December represents the zero hour, the time for assessing just how close nonprofits came to their fundraising targets. This often is the case, but during a downturn in the economy it is especially so. A significant amount of supporters who commit in the first three quarters don't write their charitable checks until after Thanksgiving; many smaller-fund donors don't give at all until reviewing their year-end finances as New Year's Day approaches.
The Federation through mid-July, for example, was outstripping last year's fundraising, receiving donations and pledges of $35.1 million from donors who last year gave $30.3 million to a $49.8 million campaign. But Chairman Stanley Gold said in January he wants to increase fundraising this year by at least 10 percent, and the $14.7 million needed to equal last year's campaign isn't a gimme.
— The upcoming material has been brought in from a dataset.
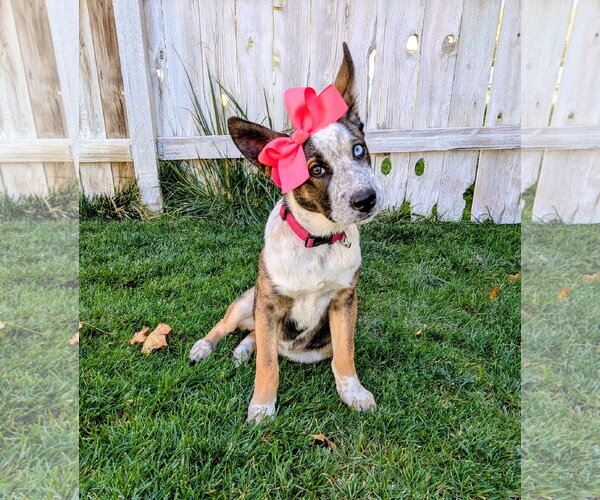Medium Photo #1 Mutt Puppy For Sale in Sandy, UT, USA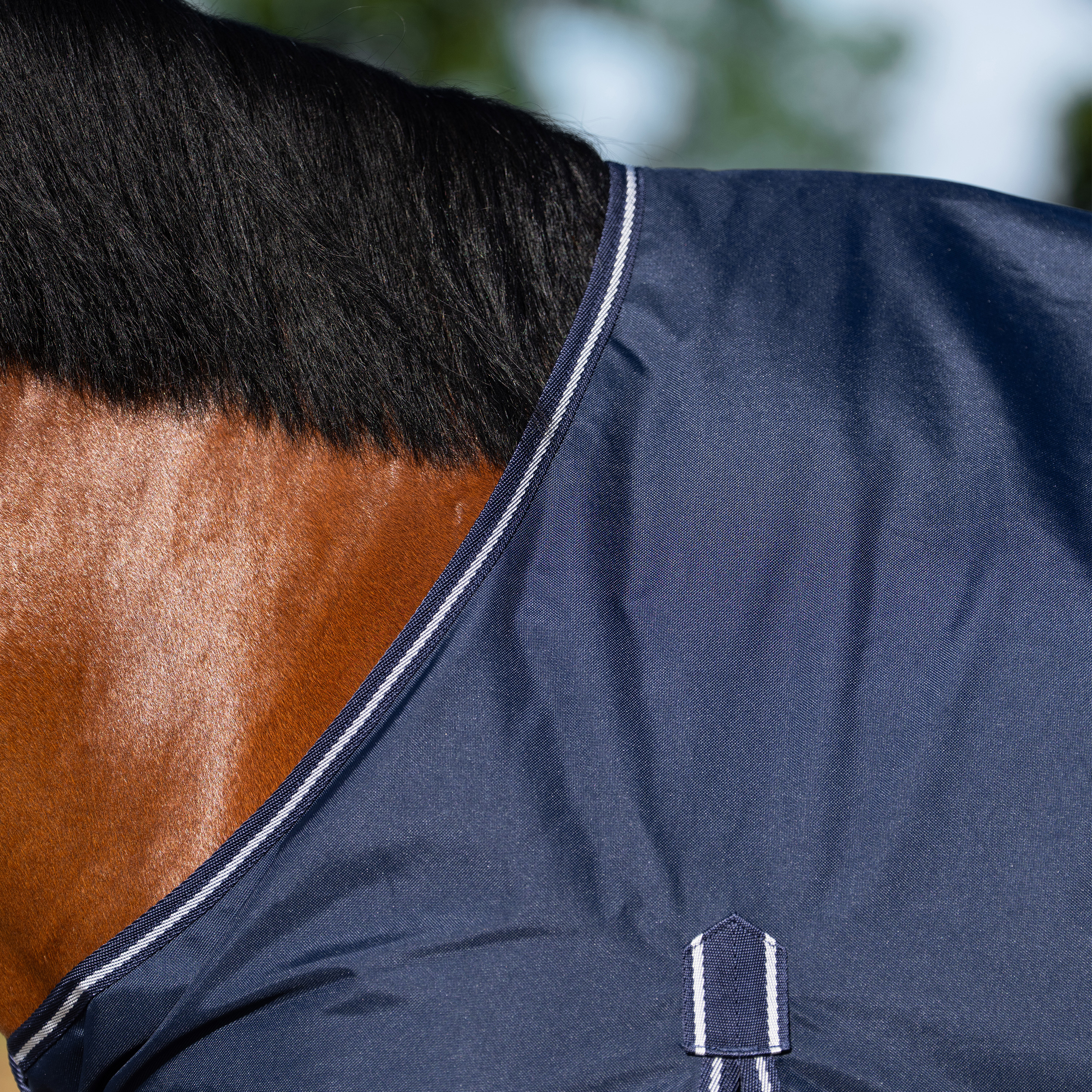 Imperial Riding Outdoor blanket Basic without neck 300gr - Navy - 4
"We are going to be hopeful and just continue to push until Dec. 31, and then do the calculations on what we have," Fishel said.
Many organizations are now evaluating the easier decisions: prioritizing programming, paring travel expenses through reductions in staffing and frequency, looking for ways to work with other agencies. But there is no simple solution to the overall problem, and nobody knows how long the economic turmoil will last.
"Anybody who tells you they know the answer to that question is someone you should turn tail and run away from, because nobody knows," Tobin said. "This is one of those cases where you plan for the worst, and hope for the best."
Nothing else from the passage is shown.